---- PROVIDED MATERIAL
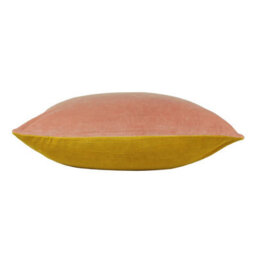 Furn. Tanda Velvet Cushion Cover - thumbnail 3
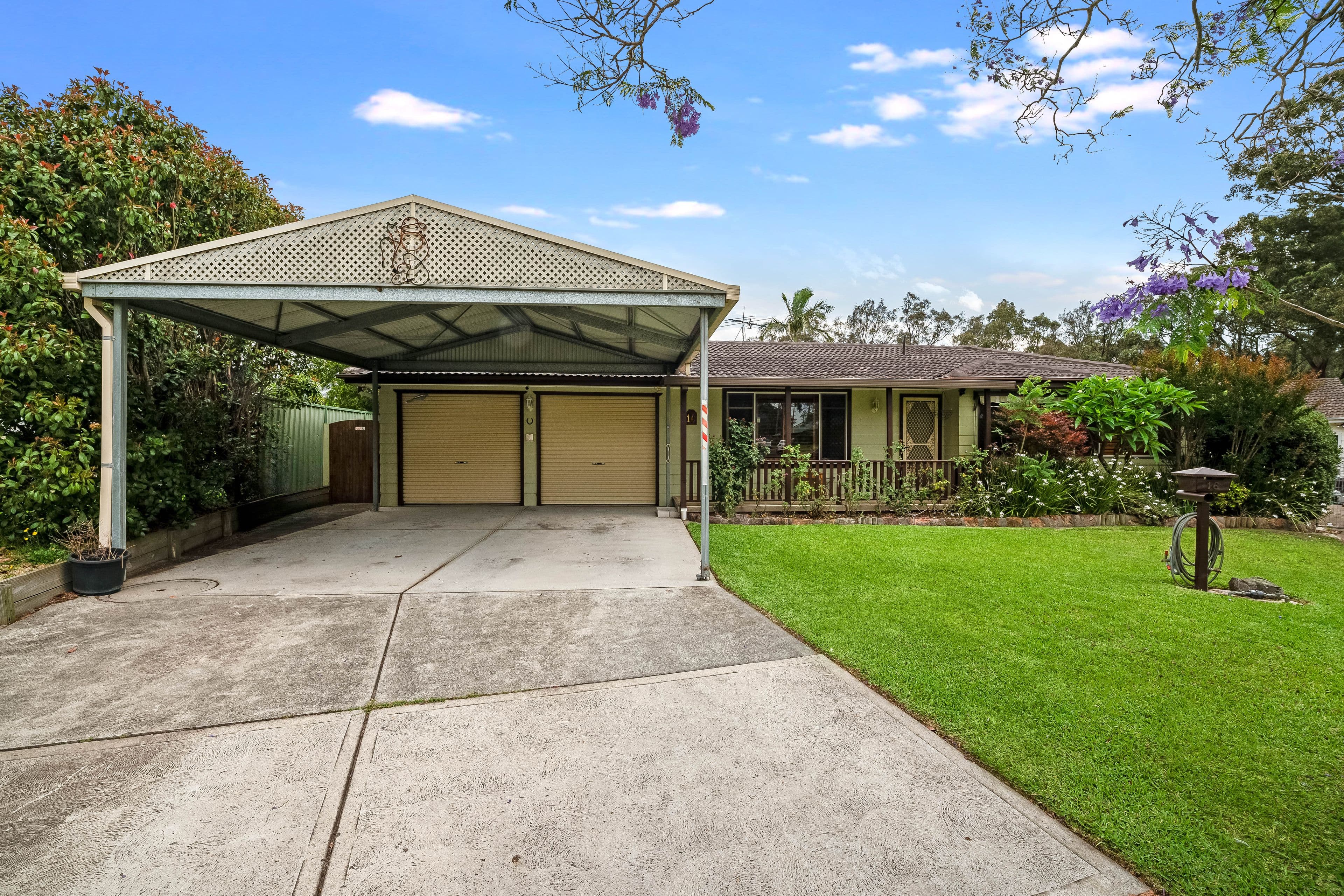 16 Saarinen Close, Thornton NSW 2322, Thornton - Image 1
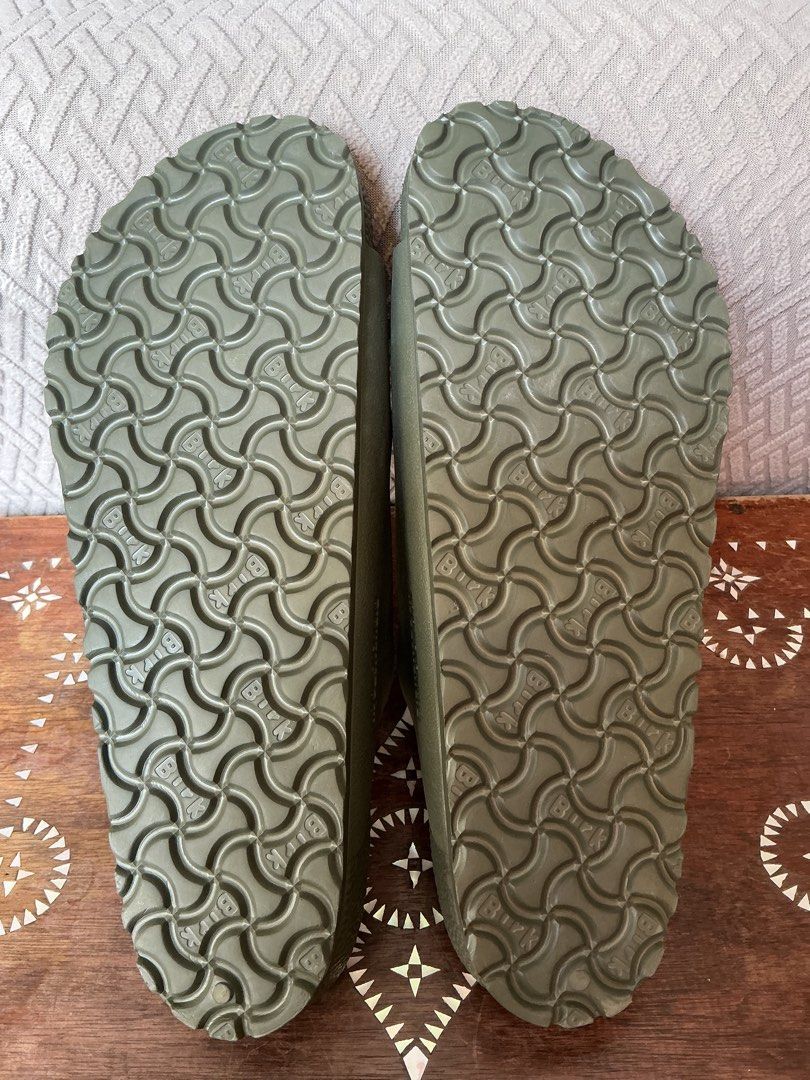 Birkenstock Arizona Eva (Category: Slippers & Slides) located in Quezon City. Submitted by shopabilitymnl (Listing ID 1458191657, Image 3). Description: Length: 29 cm Never used.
--------
■ TASK ■
Write the data out again word for word; leave the pictures behind.

■ SOLUTION TO THIS PROBLEM ■
 Furn. Tanda Velvet Cushion Cover - thumbnail 3
 16 Saarinen Close, Thornton NSW 2322, Thornton - Image 1
 Birkenstock Arizona Eva (Category: Slippers & Slides) located in Quezon City. Submitted by shopabilitymnl (Listing ID 1458191657, Image 3). Description: Length: 29 cm Never used.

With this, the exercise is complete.